Crítica

Minha relação com os Coen sempre foi meio problemática. Nunca os abracei de imediato. Os filmes violentos do início da carreira não vi, os dramas policiais mais elogiados achei mais ou menos e os mais artísticos provocaram reações adversas em mim. Agora, quando resolvem destilar doses de humor negro, considero-os quase insuperáveis. E Queime Depois de Ler é o ponto alto deles neste estilo, conseguindo ser inclusive superior aos ótimos Arizona Nunca Mais (1987), Na Roda da Fortuna (1994) e Matadores de Velhinha  (2004), equiparando-se somente a outra pérola do currículo dos irmãos, O Grande Lebowski (1998). E o mais impressionante é saber que o roteiro deste novo trabalho foi feito quase que simultaneamente ao de Onde os Fracos Não Têm Vez (2007), o petardo anterior dos dois que foi o grande papa-Oscar, premiado em quatro categorias, inclusive Melhor Filme e Direção. E ambos não poderiam ser mais diferentes. E, curiosamente, são também insuperáveis na trilha que seguem.

Queime Depois de Ler  é uma ode à idiotice. A trama é composta por uma rede de personagens patéticos que não têm a menor noção do que estão fazendo, para onde vão e de onde fogem. Seus motivos são ridículos, seus interesses são mesquinhos e suas ambições são pequenas. Mas este é o mundo deles, e nele se movem como ratos num labirinto, batendo cabeças e provocando pequenos terremotos por onde passam, sem pensar muito nas conseqüências dos seus atos. E é de deixar qualquer um de queixo caído como, mesmo assim, eles conseguem avançar em seus objetivos, ainda que enfrentem algumas penalidades e perdas pelo caminho.

Osbourne Cox (John Malkovich, num papel escrito especialmente para ele) é um analista da CIA que se demite após ser rebaixado de posto por problemas de bebida.
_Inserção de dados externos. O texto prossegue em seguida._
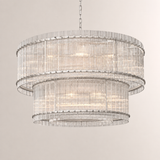 Zora Round Slat Glass 2 Tier Drum Chandelier 48”D
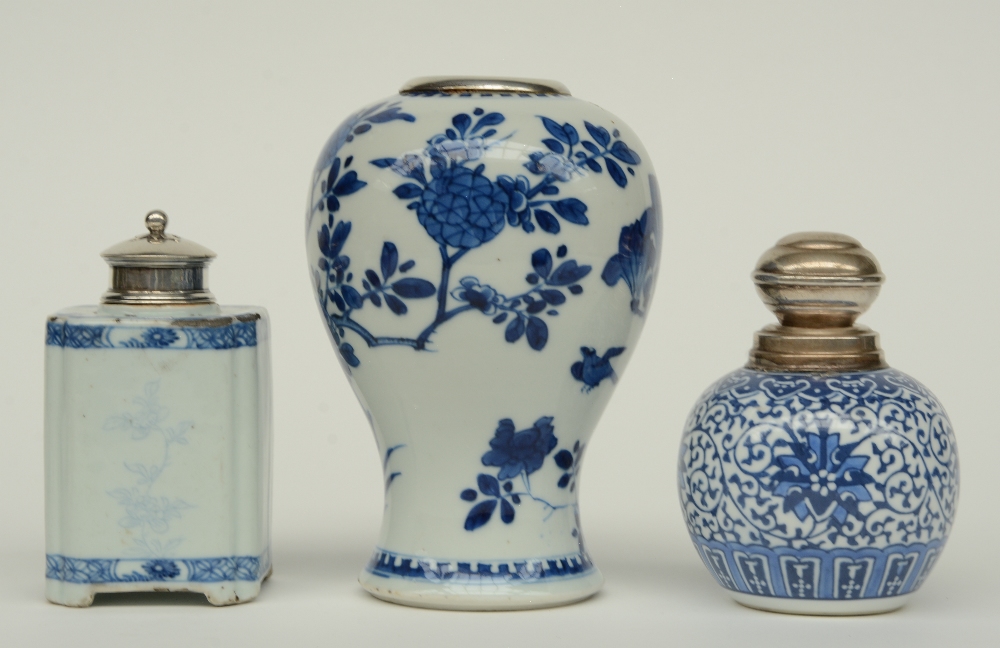 Two Chinese blue and white vases and a tea caddy, floral decorated, with silver mounts, 18th - - Image 8 of 16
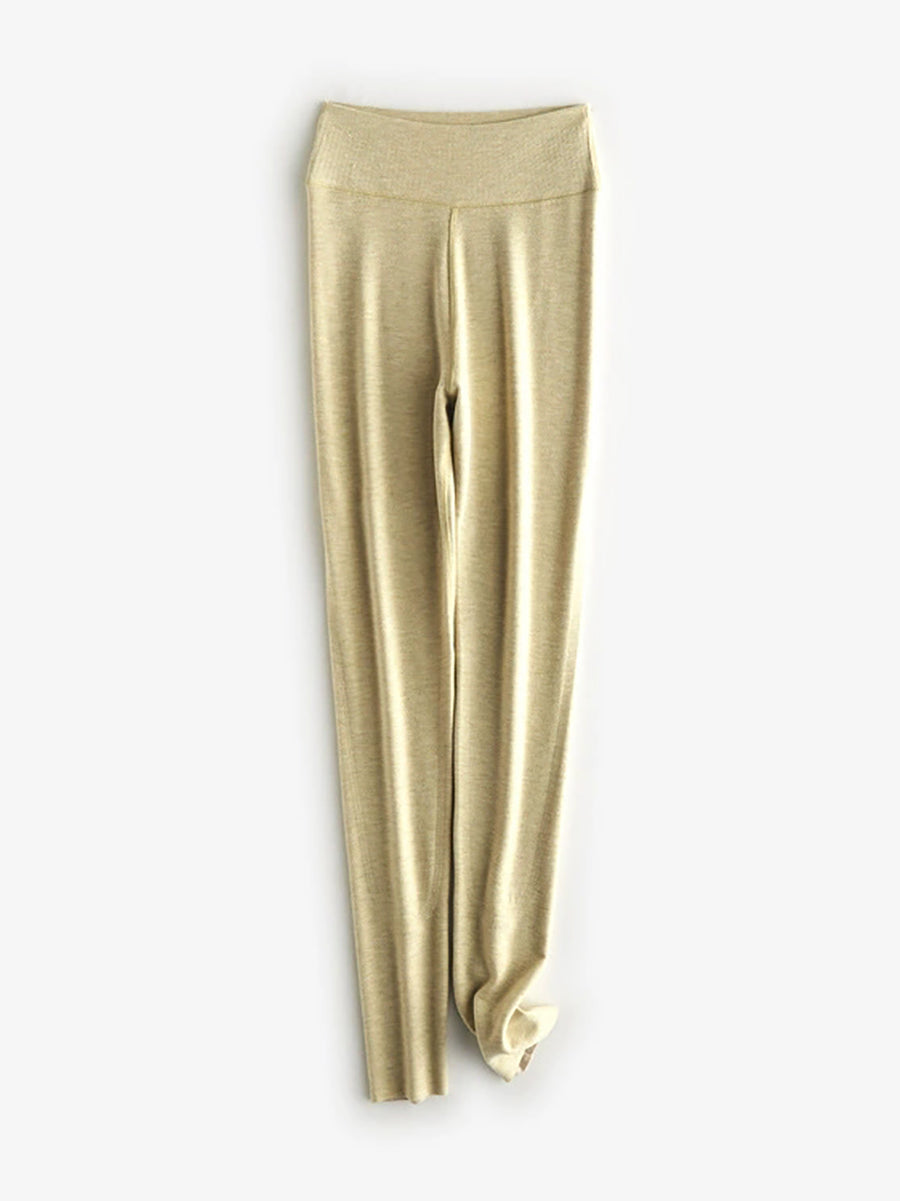 Women Autumn Warm Pure Color High Waist Leggings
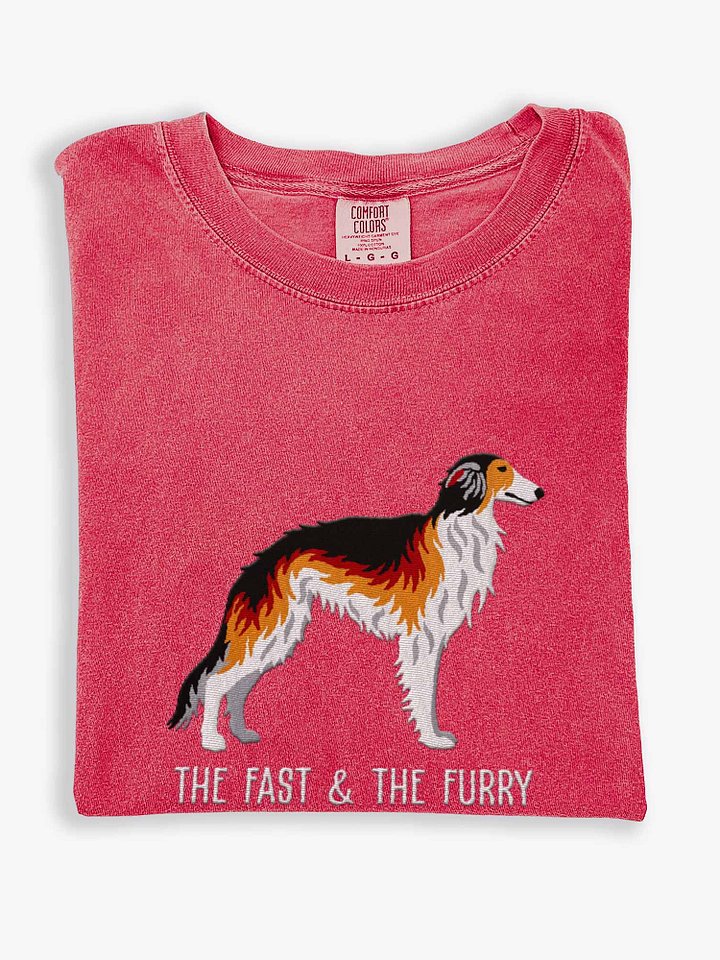 The Fast & The Furry T-Shirt(Embroidered) of a Silken Windhound(Sable) product image (1)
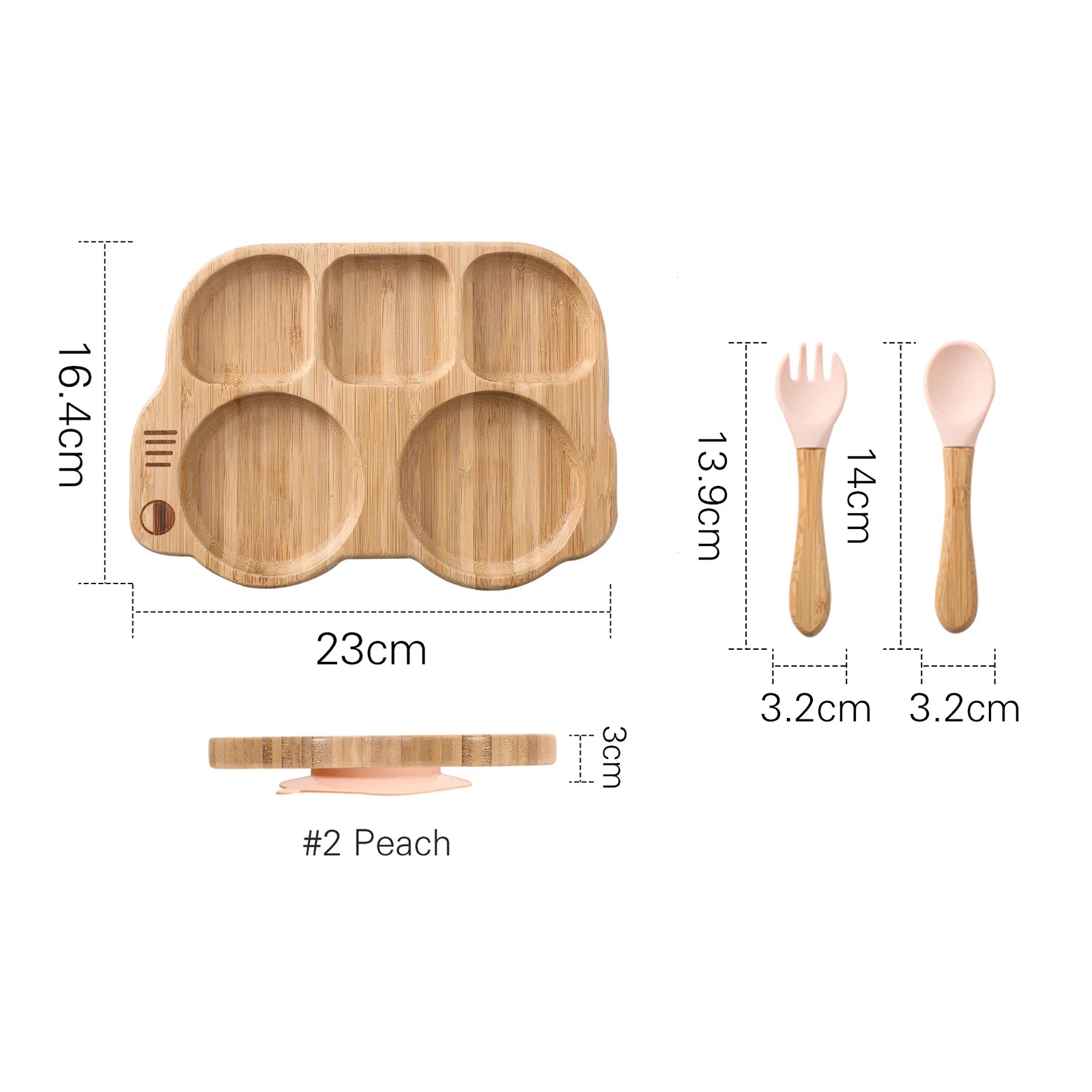 Set repas bébé en silicone – à ventouse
Para se vingar, decide escrever suas “memórias”, revelando “os podres” que enfrentou em mais de 30 anos de serviço. Katie (Tilda Swinton, em seu primeiro trabalho após a oscarizada participação em Conduta de Risco), sua esposa, rouba dele um cd com as informações que ele redigiu para ajudá-la no processo de separação, já que deseja ficar com Harry (George Clooney, no terceiro trabalho ao lado dos Coen, após E Aí, Meu Irmão, Cadê Você?, de 2000, e O Amor Custa Caro, de 2003), um investigador federal que também é casado. Só que lá pelas tantas o tal cd desaparece, e é encontrado por dois instrutores de uma academia de ginástica, Linda Litzke (Frances McDormand, esposa de Joel Coen) e Chad (Brad Pitt, que tem o mérito de conseguir ser o melhor em cena, num elenco repleto de feras!). Os dois não tem noção do que têm em mãos e decidem chantagear Cox – ela para obter dinheiro para as cirurgias plásticas que tanto deseja, ele simplesmente porque não tem nada melhor a fazer. E é claro que nada sairá conforme o esperado. O que pode ser dito é que lá pelas tantas alguém será morto, Harry e Linda começam um caso, a embaixada russa será envolvida e o nome “Osbourne Cox” não será tão facilmente esquecido.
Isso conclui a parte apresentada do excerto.